Newsgroups: rec.puzzles
From: hoey@AIC.NRL.Navy.Mil (Dan Hoey)
Date: 4 Aug 92 12:39:34 GMT
Subject: sod.! (was a series problem and answer)

In response to the series question

>> >3 6 9 27 ?

dwr2...@zeus.tamu.edu (Dave Ring) gave:

>> 3^3^3, whatever that means.

explaining

> the first term '3' is a little ambiguous, but is reasonable.

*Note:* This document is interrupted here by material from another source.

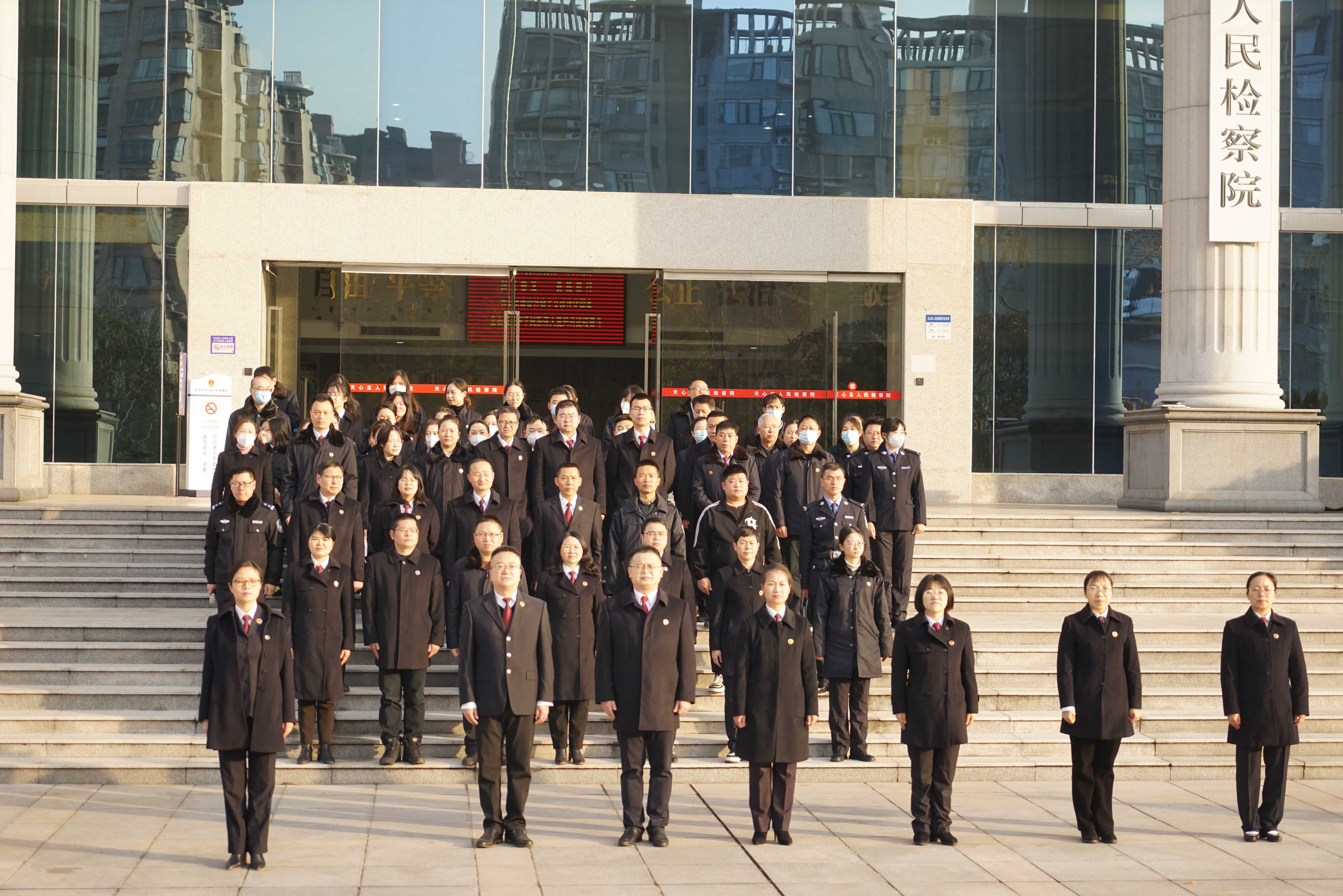 “旗”贺新春，再启征程——天心区365体育旗下_beat365官方app安卓版下载_365bet投注网举行新年升国旗仪式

I have to take exception to that:  One of the rules of the sequence of
arithmetic operations is that

  op[k](n,n)=op[k+1](n,2)

so whatever op[0] is that comes before op[1]="+", it must satisfy
op[0](3,3)=3+2=5, not 3.  Otherwise, I have to grant that Dave made
a valiant try at providing interesting answers to a couple of pretty
mediocre puzzles (and if ``there are no bad questions'' then the
``good'' questions that are bad puzzles belong in rec.questions, not
here.  (No, it doesn't exist.  BFD, CFD.))

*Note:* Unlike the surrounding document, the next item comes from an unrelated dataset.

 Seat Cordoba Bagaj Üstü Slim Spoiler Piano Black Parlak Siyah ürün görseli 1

Series puzzles are generally pretty lousy, partly because they are so
ambiguous (and for all the people who have asked for the ``simple''
rule I have yet to see a proof of optimum simplicity, or even a decent
attempt to frame a useful measure) and partly because they are usually
followed by a couple of dozen reposts of the audioactive sequence
(series.07 in the FAQ).  But this problem, before it was melted down
into a series puzzle, was actually about a fairly interesting
function, sod.!, where sod.!(n) is the sum of the digits of n!.

So tell me, for how many pairs n > m+1 is sod.!(n) = sod.!(m), or if
infinite, how big can n-m get, or if infinite, how big can n/m get?
Are there any interesting results beyond the fact that for n>5,
9|sod.!(n)?  Is there even a proof that sod.!(n)>9 whenever n>8?

I wish this were a better puzzle, but it's probably just some
questions.  I hope at least they are not quite so trivial, ambiguous,
and trite as the other ones I saw today.

Dan Hoey
Hoey@AIC.NRL.Navy.Mil